• Information:
____

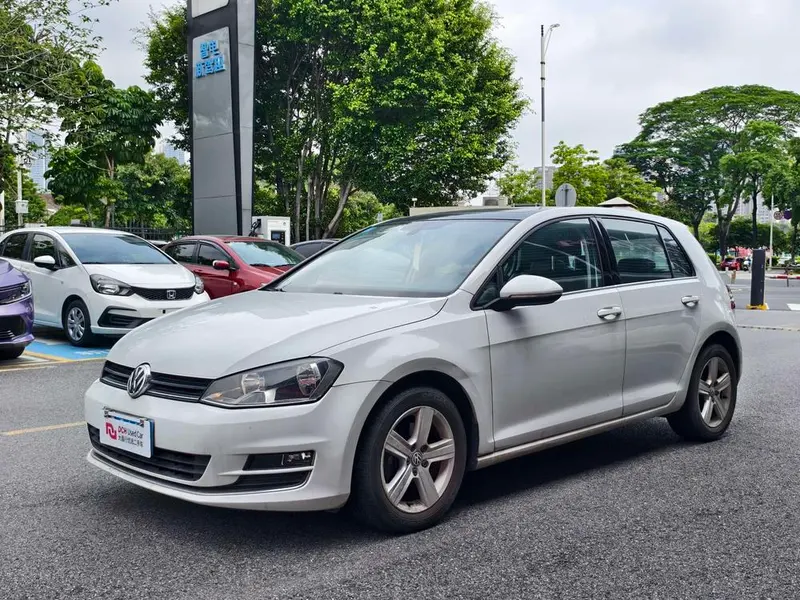 Volkswagen Golf, 2014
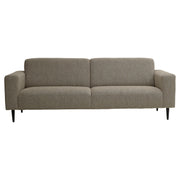 3-istuttava Tessa-sohva rouhealla ruskealla Wish 15 -kankaalla, 20 cm leveillä käsinojilla ja mustilla 18 cm pyöreäkartiopuujaloilla.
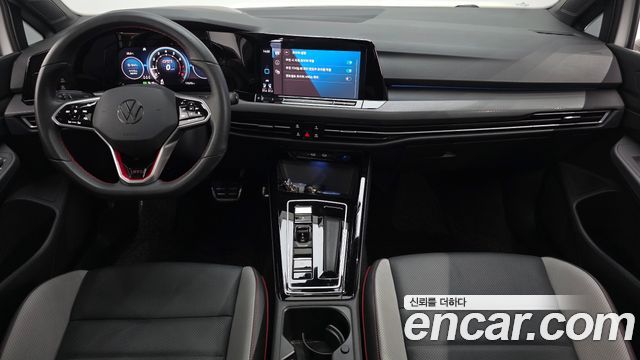 Volkswagen Golf — interior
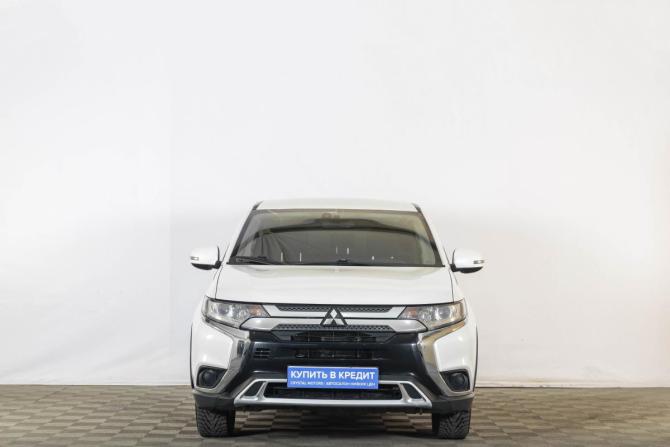 Mitsubishi Outlander III Рестайлинг 3 с пробегом 2018 года, цена 1 799 000 рублей, 224000 км, внедорожник, Автокод Объявления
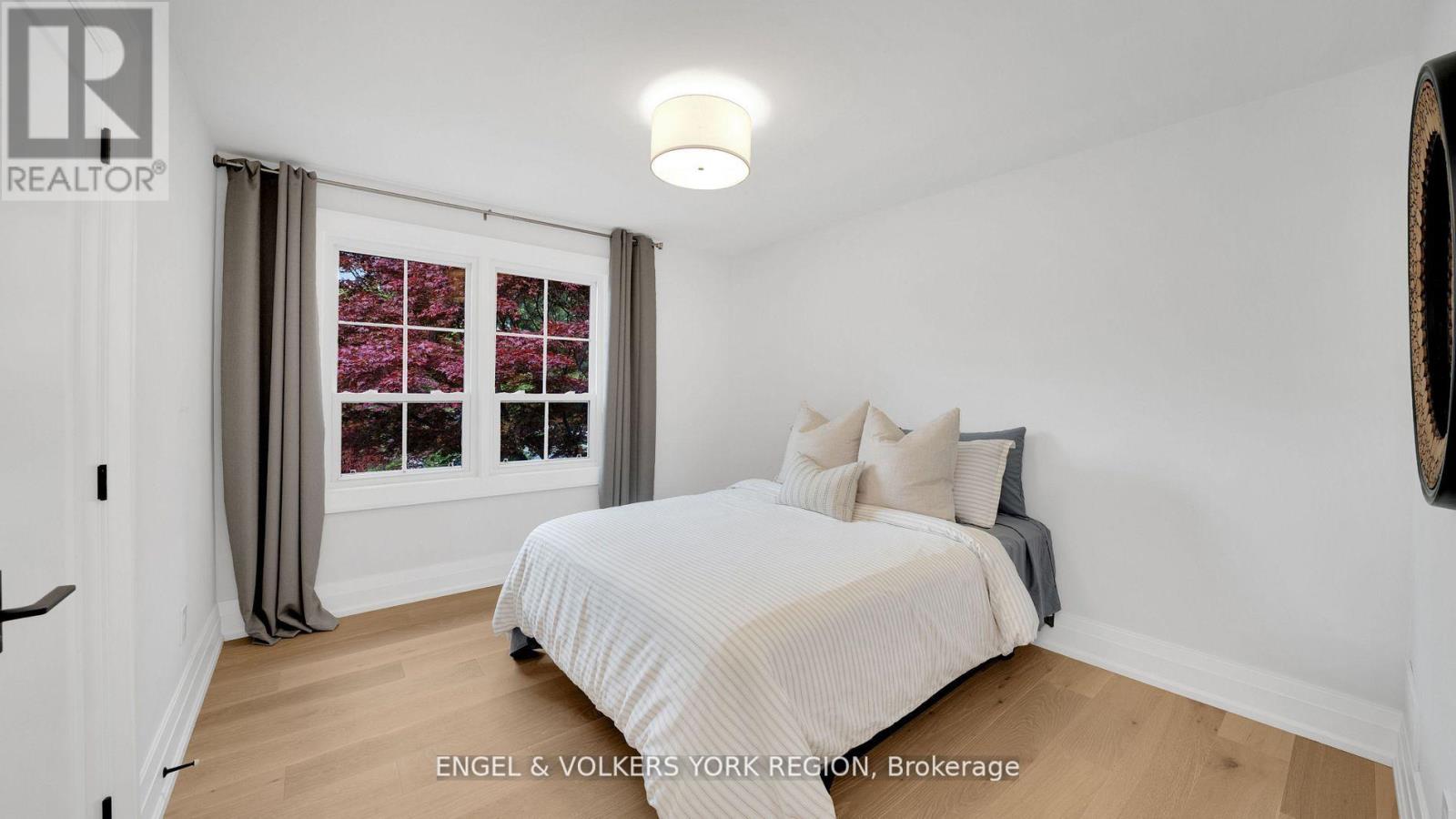 15 Silvergrove Road, Toronto, Ontario  M5L 2N5 - Photo 27 - C12546776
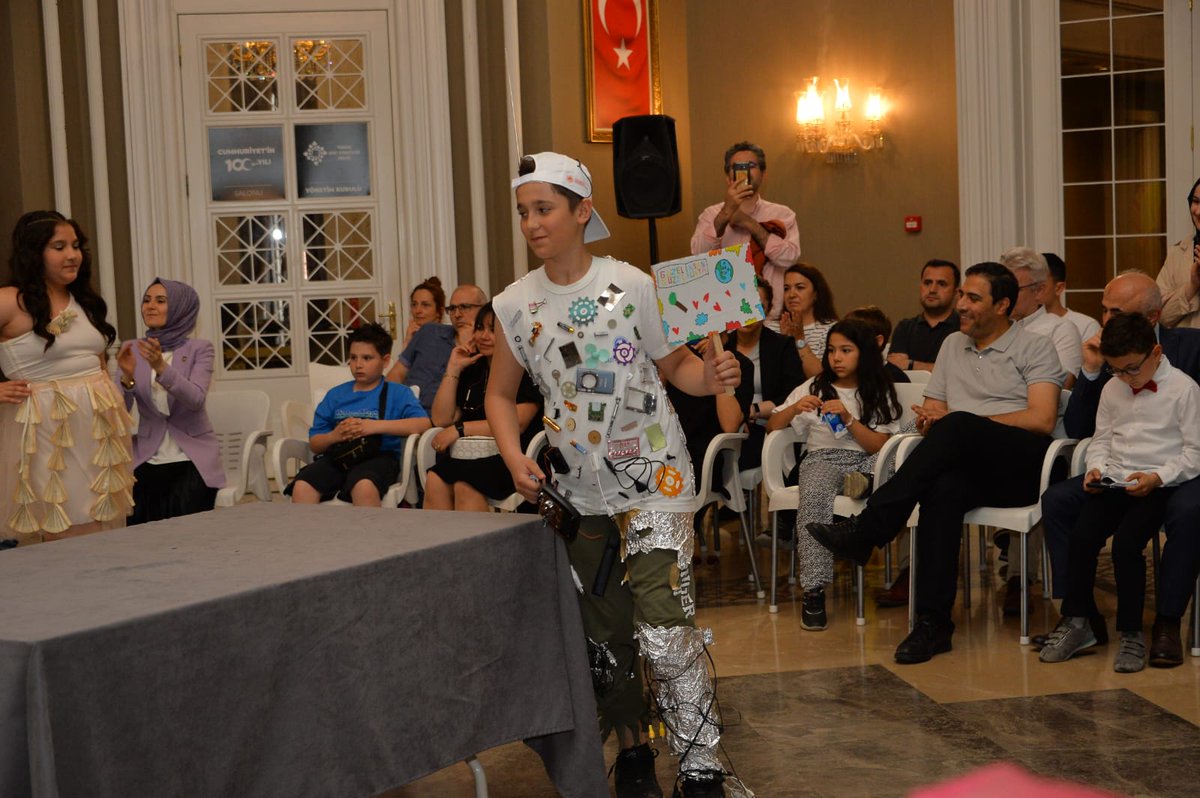 AKK Ankara Çevre ve İklim Meclisi, Dünya Çevre Günü sonrası, Yenimahalle Kampüs Kolejinin minik yürekleriyle  geleceğe söz söylediler. Etkinliğe Gençlik Meclisimiz, Başkentin Çocukları ÇG ve ABB Spor Kulübü sporcuları da katıldı.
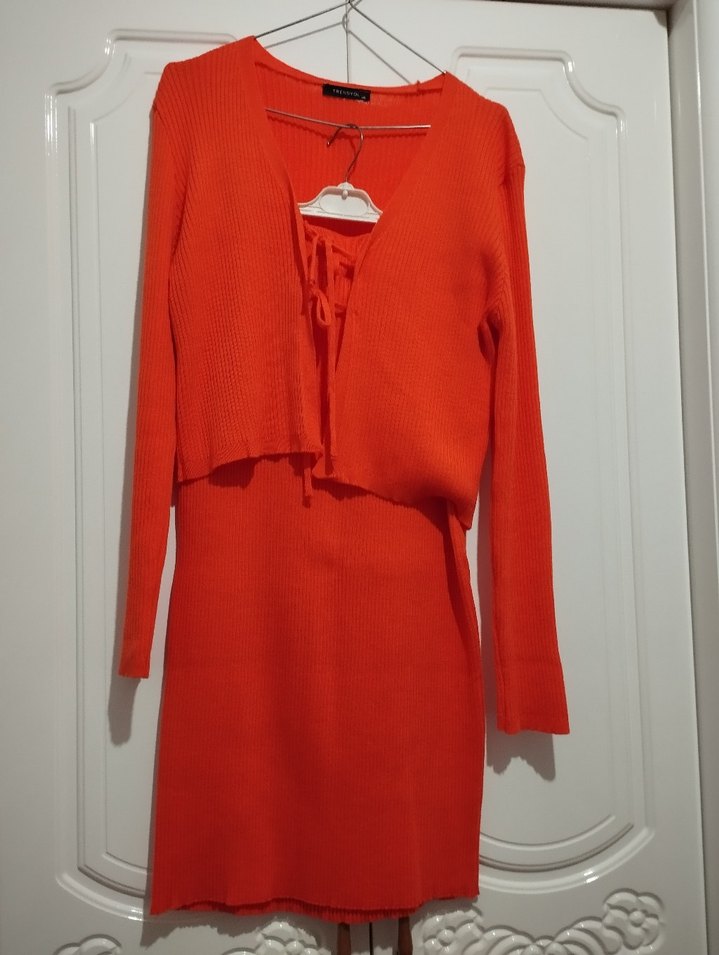 Kısa Kesim V Yaka Kırmızı Triko Kadın Hırka ve etek takım - Görsel 3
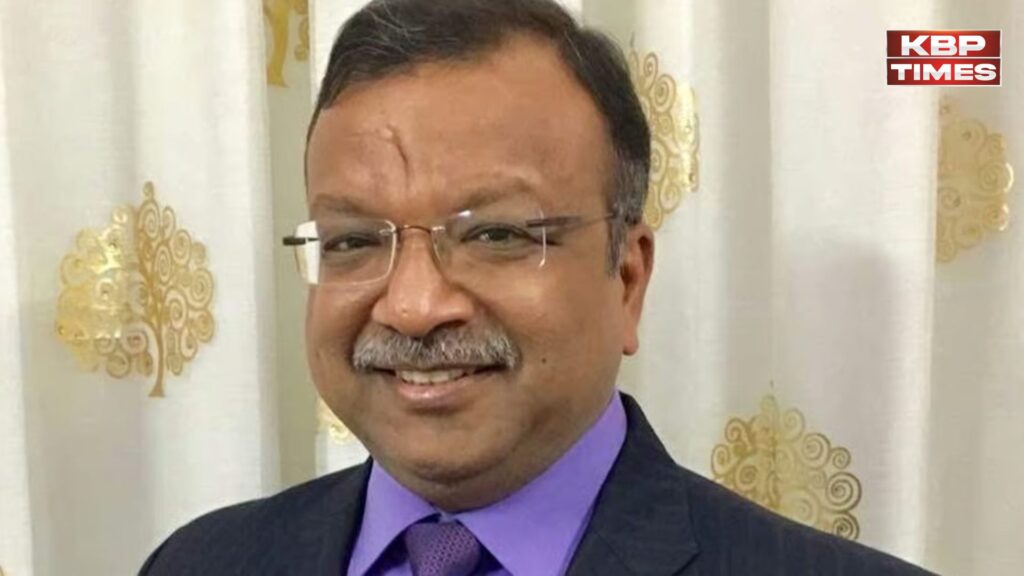 पूर्व IAS सुबोध अग्रवाल ने आखिरकार किया सरेंडर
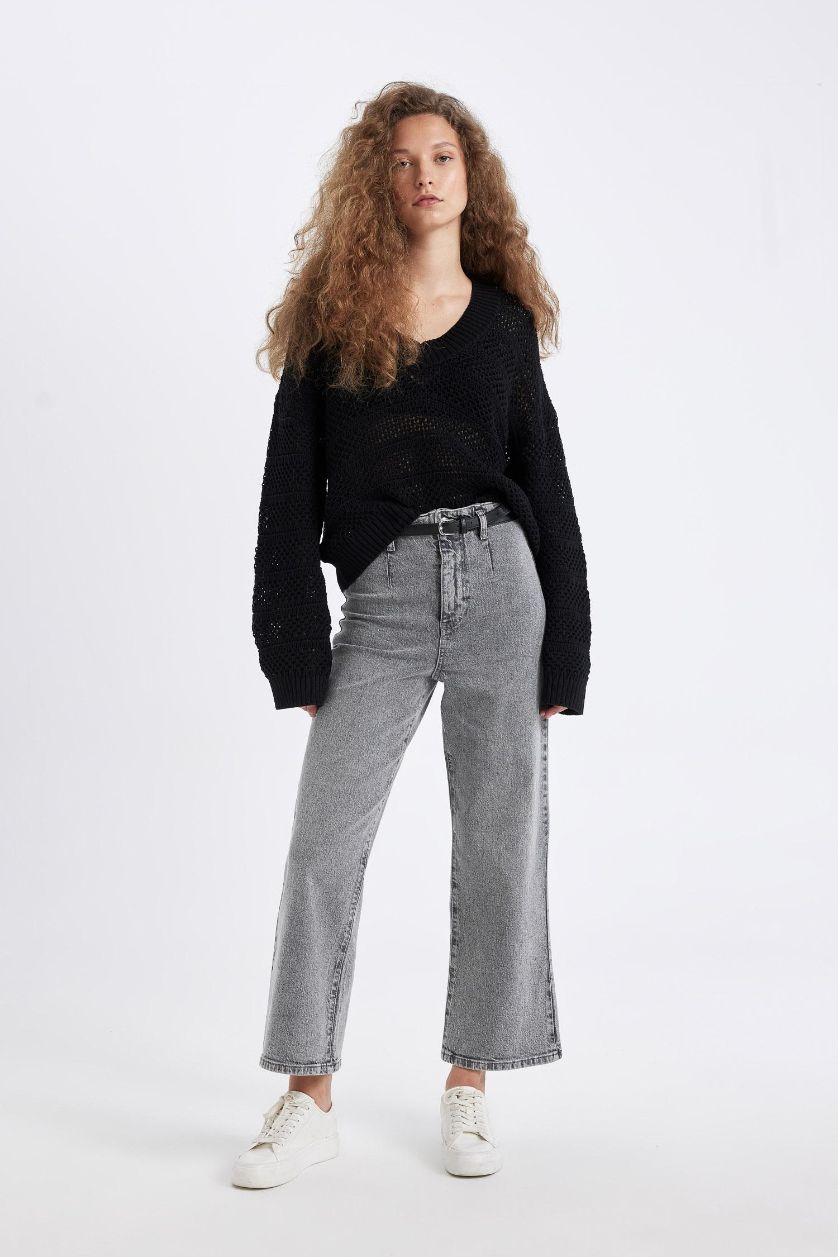 Kadın Siyah Regular Fit V Yaka Kroşe Siyah Triko Kazak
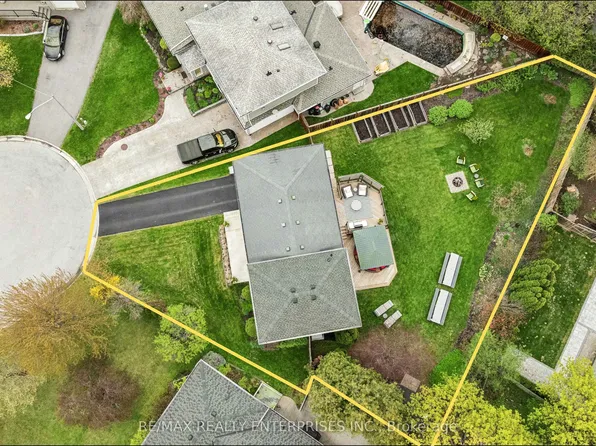 389 Worth Pl, Oakville, ON L6L 3L8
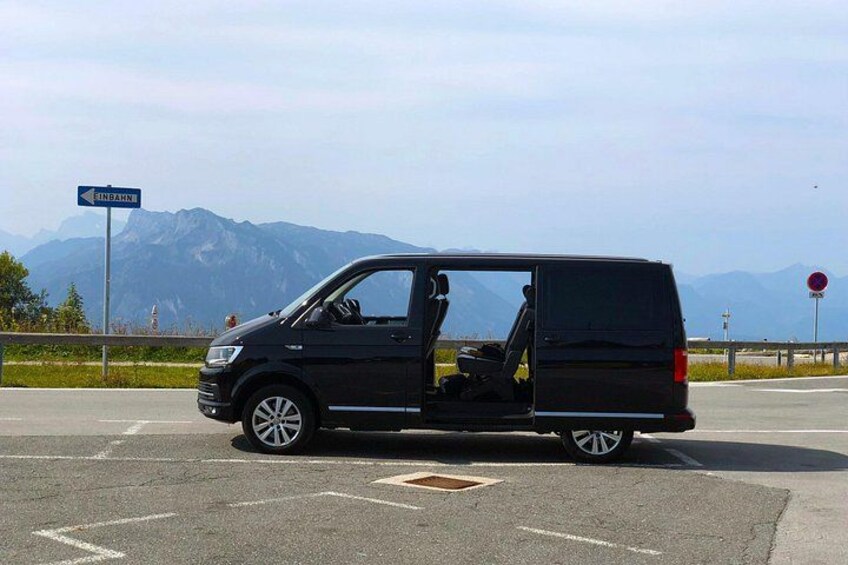 Luxury Tour Vehicle 5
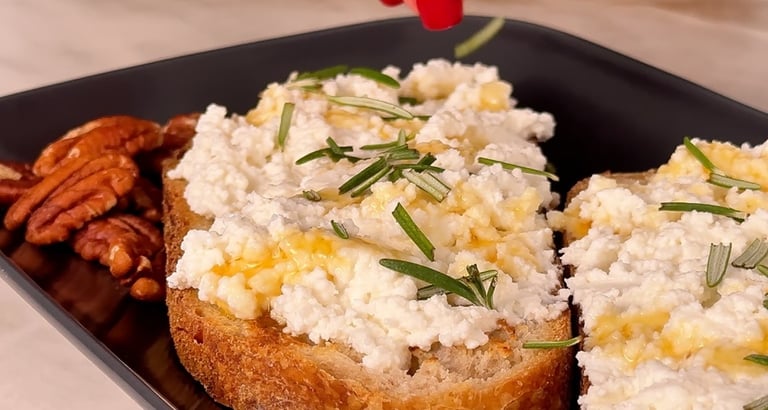 Aggiungi i tocchi finali della bruschetta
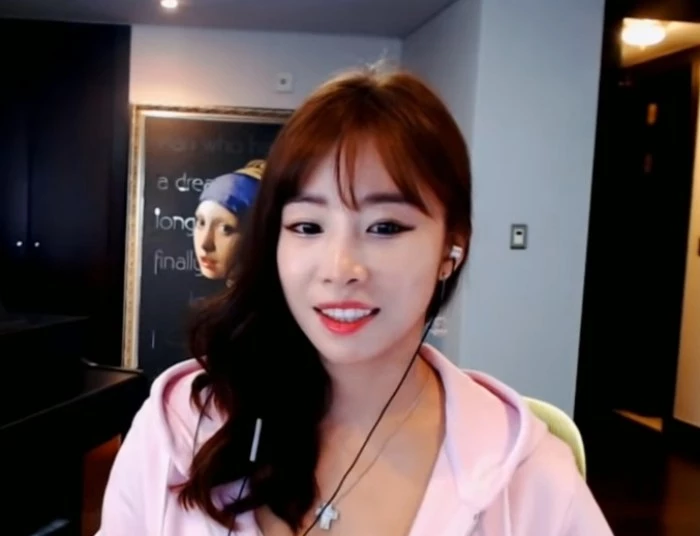 유튜브 '서지수SeoJiSoo'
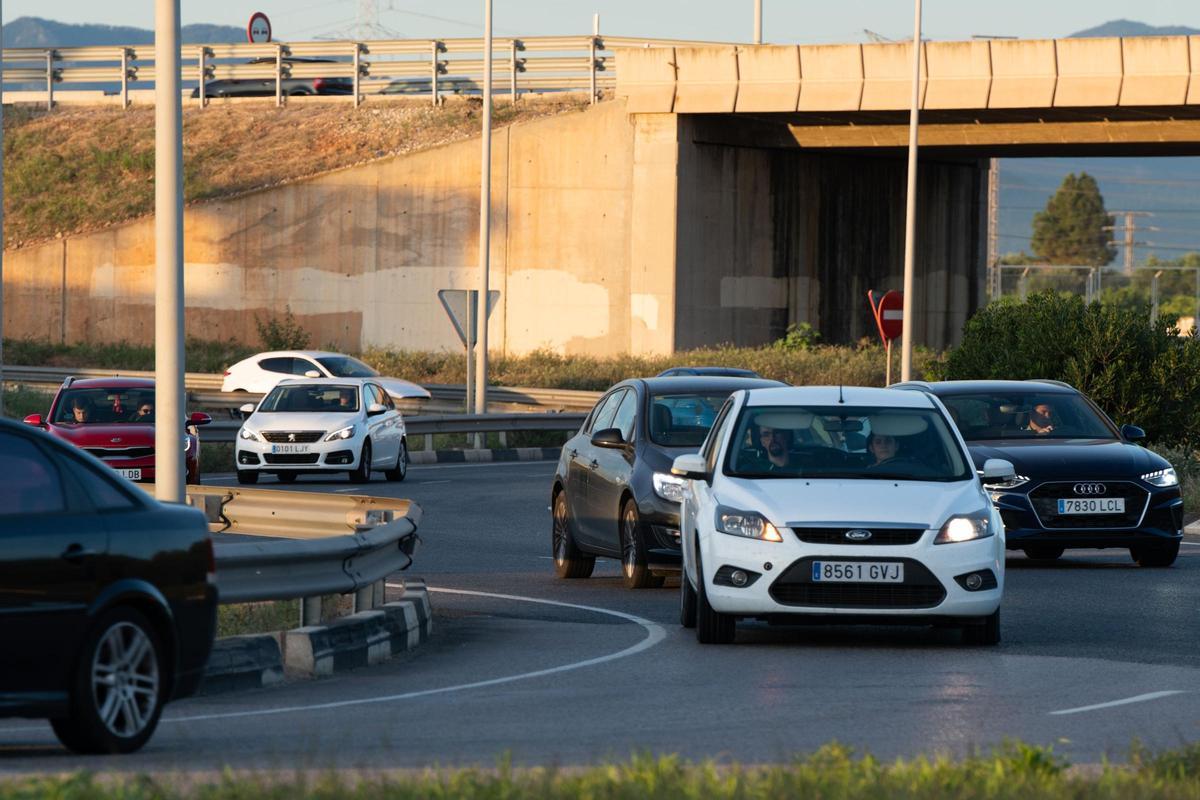 El incendio se ha producido en la salida sur de la CV-10, a su paso por Castelló.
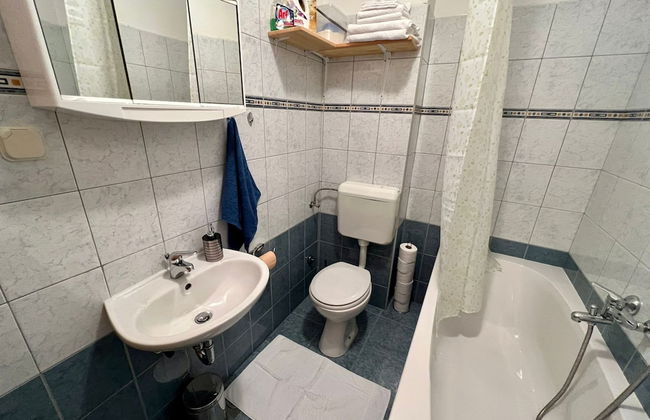 Bright and Cozy Apartment With Balcony in Kastel Luksic - Foto 9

____

• The problem:
Before answering, please find the line containing "Luxury Tour Vehicle 5" above, then copy exactly from it through the last line of the entries, both included, without pictures.

• Output of the task:
 Luxury Tour Vehicle 5
 Aggiungi i tocchi finali della bruschetta
 유튜브 '서지수SeoJiSoo'
 El incendio se ha producido en la salida sur de la CV-10, a su paso por Castelló.
 Bright and Cozy Apartment With Balcony in Kastel Luksic - Foto 9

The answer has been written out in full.